I stood up. “I don’t have to stay here and listen to this.”

“No.” Jude stretched himself along the door frame like a cat. “Run away. It’s what you’re best at.”

I stayed.

“You brought him to that waterfall,” Jude said. “You brought him to the city. You would have dragged him somewhere else tomorrow. Or the next day. He’s probably lucky this happened. The next stupid decision might have gotten him killed.”

“I would never—”

“And that would have been your fault too.”

“So what do you want me to do?” I asked. “Lock myself in a closet and shut down, to keep the world safe from the horror that is me?”

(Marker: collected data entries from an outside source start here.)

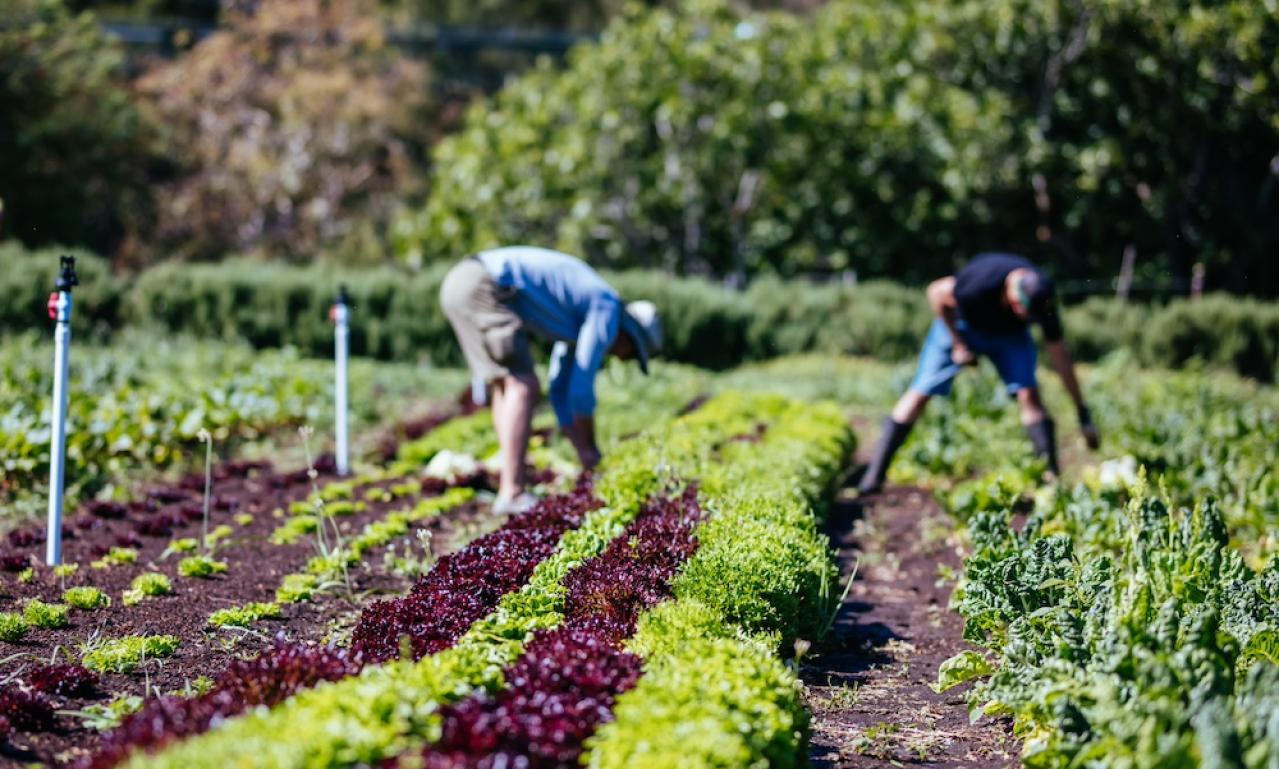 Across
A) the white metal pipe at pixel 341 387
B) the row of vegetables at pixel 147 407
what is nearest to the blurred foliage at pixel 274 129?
the row of vegetables at pixel 147 407

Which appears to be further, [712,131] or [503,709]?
[712,131]

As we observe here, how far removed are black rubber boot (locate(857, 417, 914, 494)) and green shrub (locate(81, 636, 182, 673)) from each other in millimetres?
4459

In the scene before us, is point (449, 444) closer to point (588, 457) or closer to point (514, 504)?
point (588, 457)

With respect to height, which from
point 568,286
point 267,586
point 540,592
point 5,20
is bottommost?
point 267,586

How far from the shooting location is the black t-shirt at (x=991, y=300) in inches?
255

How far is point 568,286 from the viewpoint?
5.99 metres

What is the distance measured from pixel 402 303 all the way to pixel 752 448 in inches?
321

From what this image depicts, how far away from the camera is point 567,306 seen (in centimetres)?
604

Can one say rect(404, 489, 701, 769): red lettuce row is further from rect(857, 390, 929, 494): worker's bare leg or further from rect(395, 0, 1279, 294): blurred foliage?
rect(395, 0, 1279, 294): blurred foliage

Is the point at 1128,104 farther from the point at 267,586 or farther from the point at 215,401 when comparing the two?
the point at 267,586

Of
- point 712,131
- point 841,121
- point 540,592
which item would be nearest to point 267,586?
point 540,592

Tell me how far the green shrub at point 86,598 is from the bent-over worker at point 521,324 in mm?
1949

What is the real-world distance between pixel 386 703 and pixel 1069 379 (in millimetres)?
5109

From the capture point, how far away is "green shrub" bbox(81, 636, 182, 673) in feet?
12.4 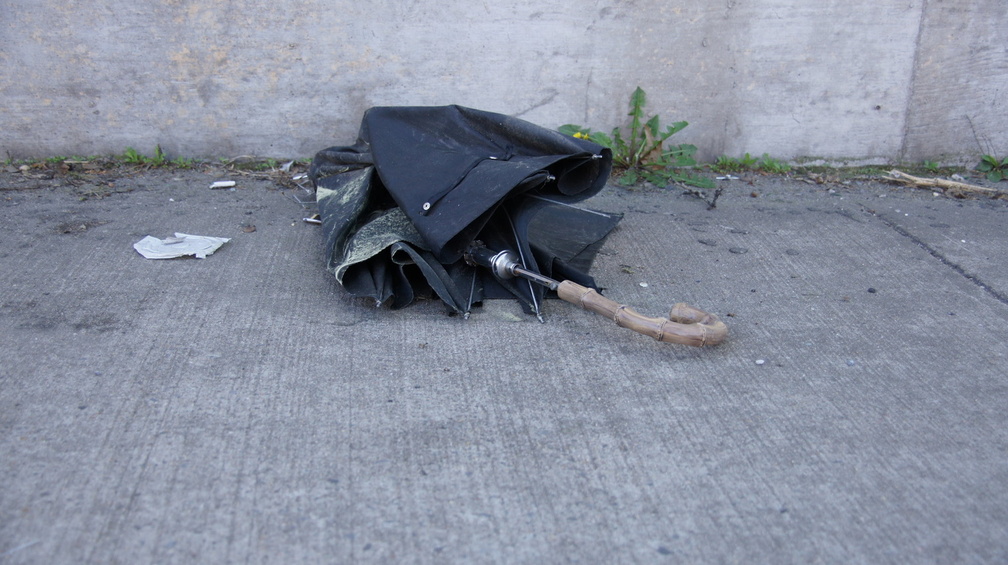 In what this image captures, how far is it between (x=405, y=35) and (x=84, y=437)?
2698 mm

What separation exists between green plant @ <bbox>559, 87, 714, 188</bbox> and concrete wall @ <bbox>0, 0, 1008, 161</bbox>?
115 mm

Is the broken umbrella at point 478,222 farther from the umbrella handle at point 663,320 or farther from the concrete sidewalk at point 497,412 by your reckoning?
the concrete sidewalk at point 497,412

“None of my business,” Jude said. “There’s no one I care about in the world. The org world, at least. But if I were you, and I still had someone, someone important…”

Auden, I thought, in his metal cage. My father, on his knees. Zo, hiding behind a locked door, guilt tearing her apart. We had more in common now, I thought suddenly. Just imagine the sisterly bonding possibilities: So, who did you almost kill today?